• **YOUR GOAL**
Return exactly the span of lines in the following data that opens with the line containing "Silberner Ring mit" and closes with the line containing "4th & Reckless". Include nothing else.

• **Dataset items**

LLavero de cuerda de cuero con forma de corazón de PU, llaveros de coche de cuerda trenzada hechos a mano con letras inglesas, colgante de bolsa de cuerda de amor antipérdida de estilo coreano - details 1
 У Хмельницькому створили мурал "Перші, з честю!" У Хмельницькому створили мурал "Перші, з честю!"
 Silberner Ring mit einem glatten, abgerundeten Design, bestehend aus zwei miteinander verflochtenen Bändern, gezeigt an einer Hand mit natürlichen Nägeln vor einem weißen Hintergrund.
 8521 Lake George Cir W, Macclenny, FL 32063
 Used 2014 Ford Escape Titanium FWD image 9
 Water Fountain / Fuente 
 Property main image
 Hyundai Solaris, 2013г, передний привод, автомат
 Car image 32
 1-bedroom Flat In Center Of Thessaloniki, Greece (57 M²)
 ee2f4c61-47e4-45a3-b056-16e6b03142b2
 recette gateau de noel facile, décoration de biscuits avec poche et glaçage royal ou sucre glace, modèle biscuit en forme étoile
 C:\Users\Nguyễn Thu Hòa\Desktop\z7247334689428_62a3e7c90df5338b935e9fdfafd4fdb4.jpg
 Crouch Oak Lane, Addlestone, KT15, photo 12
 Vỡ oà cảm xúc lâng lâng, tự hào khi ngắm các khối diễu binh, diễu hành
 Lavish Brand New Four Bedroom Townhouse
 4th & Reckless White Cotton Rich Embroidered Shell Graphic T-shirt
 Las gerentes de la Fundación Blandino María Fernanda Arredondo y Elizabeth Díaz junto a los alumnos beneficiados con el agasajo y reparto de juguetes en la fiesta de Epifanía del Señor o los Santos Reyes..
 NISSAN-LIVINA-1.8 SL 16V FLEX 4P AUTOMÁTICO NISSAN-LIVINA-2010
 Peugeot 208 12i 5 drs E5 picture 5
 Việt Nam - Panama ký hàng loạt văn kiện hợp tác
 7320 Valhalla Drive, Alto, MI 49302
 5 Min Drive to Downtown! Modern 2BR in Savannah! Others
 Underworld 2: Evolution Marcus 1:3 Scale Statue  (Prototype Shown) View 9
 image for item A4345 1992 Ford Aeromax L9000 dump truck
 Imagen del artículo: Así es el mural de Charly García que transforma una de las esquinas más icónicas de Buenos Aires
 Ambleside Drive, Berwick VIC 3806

• **EXERCISE OUTPUT**
 Silberner Ring mit einem glatten, abgerundeten Design, bestehend aus zwei miteinander verflochtenen Bändern, gezeigt an einer Hand mit natürlichen Nägeln vor einem weißen Hintergrund.
 8521 Lake George Cir W, Macclenny, FL 32063
 Used 2014 Ford Escape Titanium FWD image 9
 Water Fountain / Fuente 
 Property main image
 Hyundai Solaris, 2013г, передний привод, автомат
 Car image 32
 1-bedroom Flat In Center Of Thessaloniki, Greece (57 M²)
 ee2f4c61-47e4-45a3-b056-16e6b03142b2
 recette gateau de noel facile, décoration de biscuits avec poche et glaçage royal ou sucre glace, modèle biscuit en forme étoile
 C:\Users\Nguyễn Thu Hòa\Desktop\z7247334689428_62a3e7c90df5338b935e9fdfafd4fdb4.jpg
 Crouch Oak Lane, Addlestone, KT15, photo 12
 Vỡ oà cảm xúc lâng lâng, tự hào khi ngắm các khối diễu binh, diễu hành
 Lavish Brand New Four Bedroom Townhouse
 4th & Reckless White Cotton Rich Embroidered Shell Graphic T-shirt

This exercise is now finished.